Primark achieved an 11% growth in revenue to £3,222m in the 24 weeks to 4 March, its owner Associated British Foods revealed as it announced its interim results today.
The value fashion retailer achieved the 11% revenue growth on a comparable basis with last year at constant currency; on an actual currency basis the growth was 21%. Operating profit was down 2% on a constant currency basis at £323m but up 3% on an actual currency basis.
The relative strength of the dollar had impacted input costs, ABF confirmed, which led to a decline in operating margin as the company sought to absorb the extra costs rather than pass them on to the customer through higher prices.
In the “highly competitive” UK market, Primark performed well, it said, achieving a 7% growth in sales and a 2% like-for-like growth, as well as increasing market share.

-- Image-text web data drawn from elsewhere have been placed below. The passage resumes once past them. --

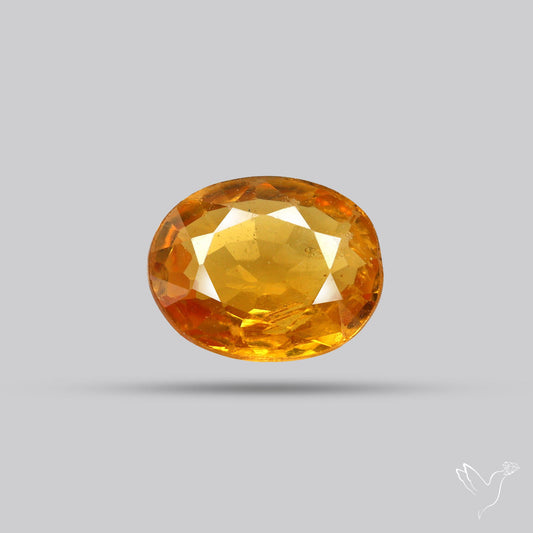 Faceted Orange Sapphire Small Multi Sapphire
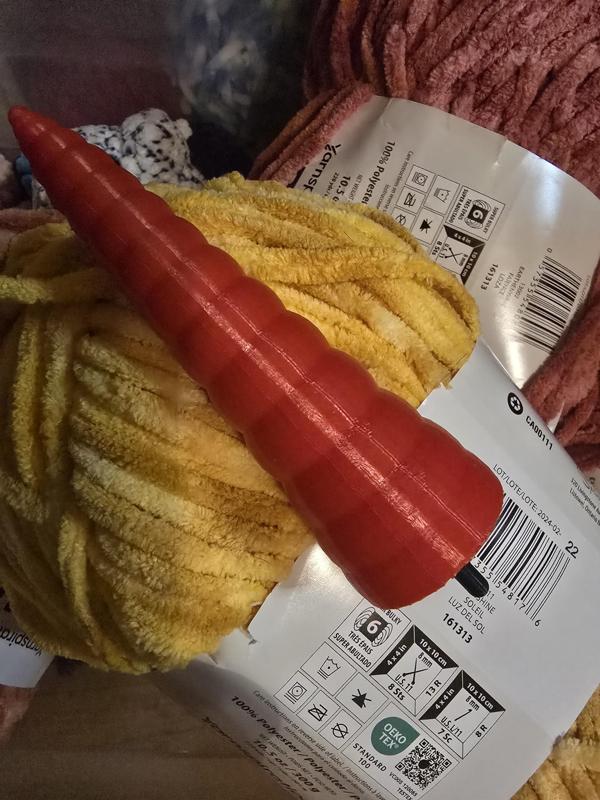 crochet unicorn horn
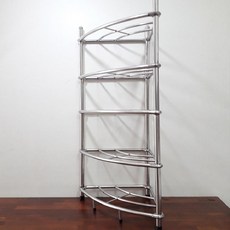 5단 다용도 조립식 코너 선반, 1개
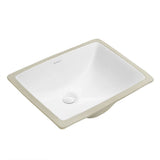 Plaisir 18.5 Rectangular Under-Mount Bathroom Sink V9C7 - product image 2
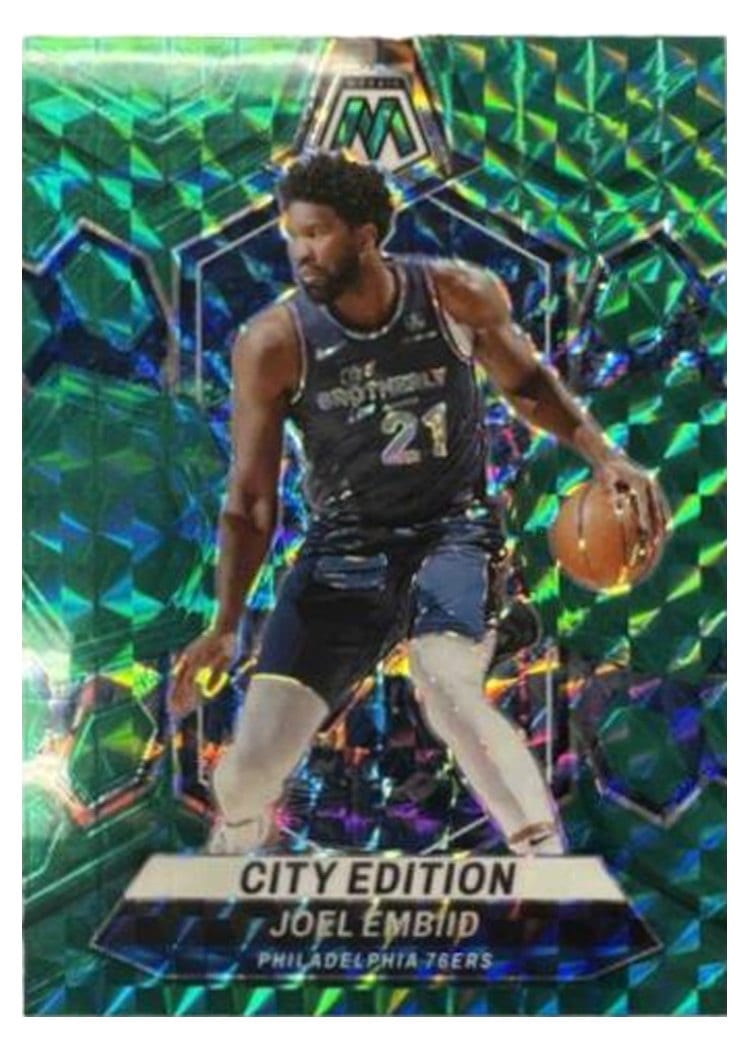 2023-24 Panini Mosaic Base Set Joel Embiid Teal #283 card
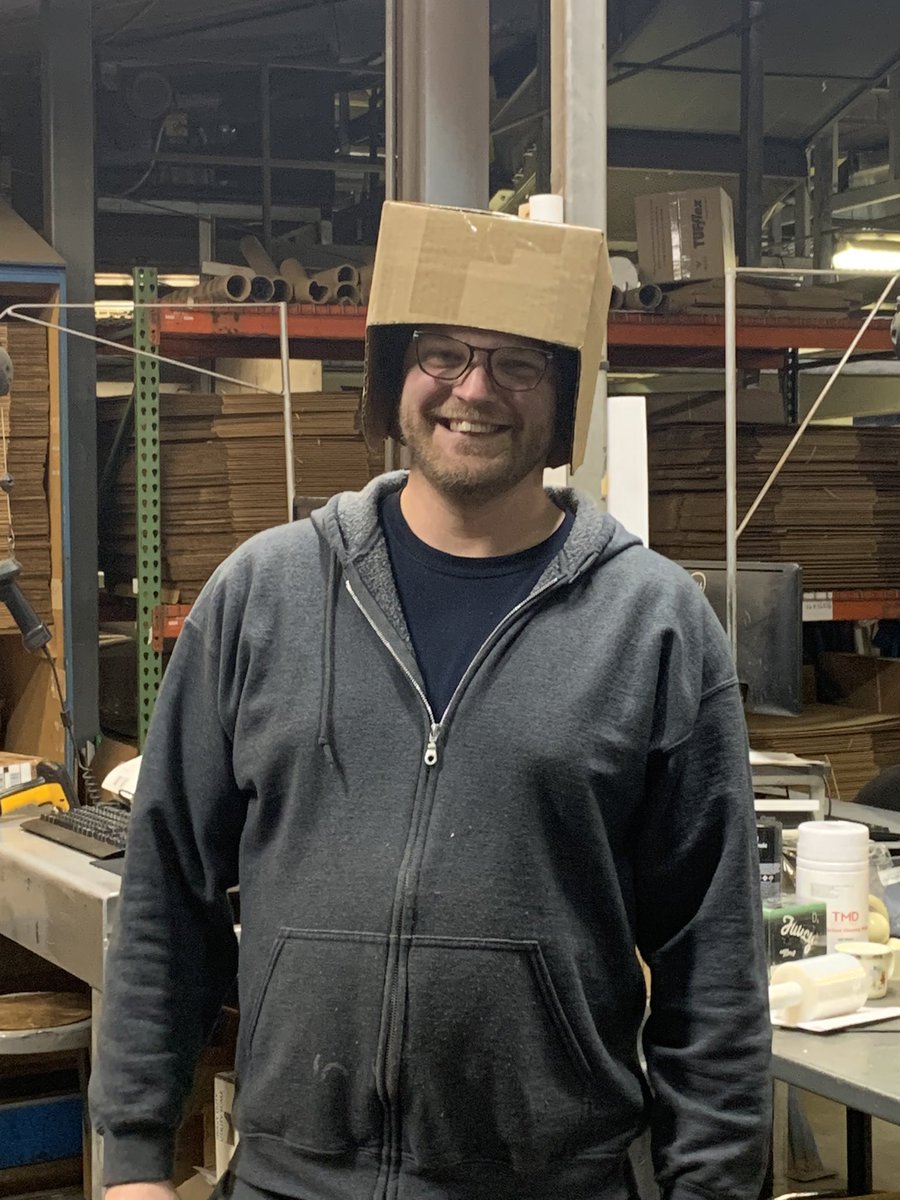 Sometimes we need a little extra protection at work! Safety first!!! @MichaelLeff5 <a href="/OakTraining/">Oak Training</a>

During the period Primark opened 16 new stores, equating to 0.8m sq ft of selling space, across eight countries (including in Carlisle, Stafford, York, Truro and Colchester in the UK) and the company said that early trading figures from the stores had been ahead of expectations.
As well as the openings some stores have been expanded or relocated. The store at the Tottenham Court Road end of Oxford Street in London was extended by almost 40%, increasing square footage to 114,000 sq ft, making it the brand’s largest store after Manchester and Newcastle in the UK and the Gran Via store in Madrid, Spain. In Reading and Sheffield it relocated to larger stores in more central locations.
Since the half-year point a further 0.3m sq ft of store space has been added and it is on target to have added 1.5m sq ft of selling space in this financial year.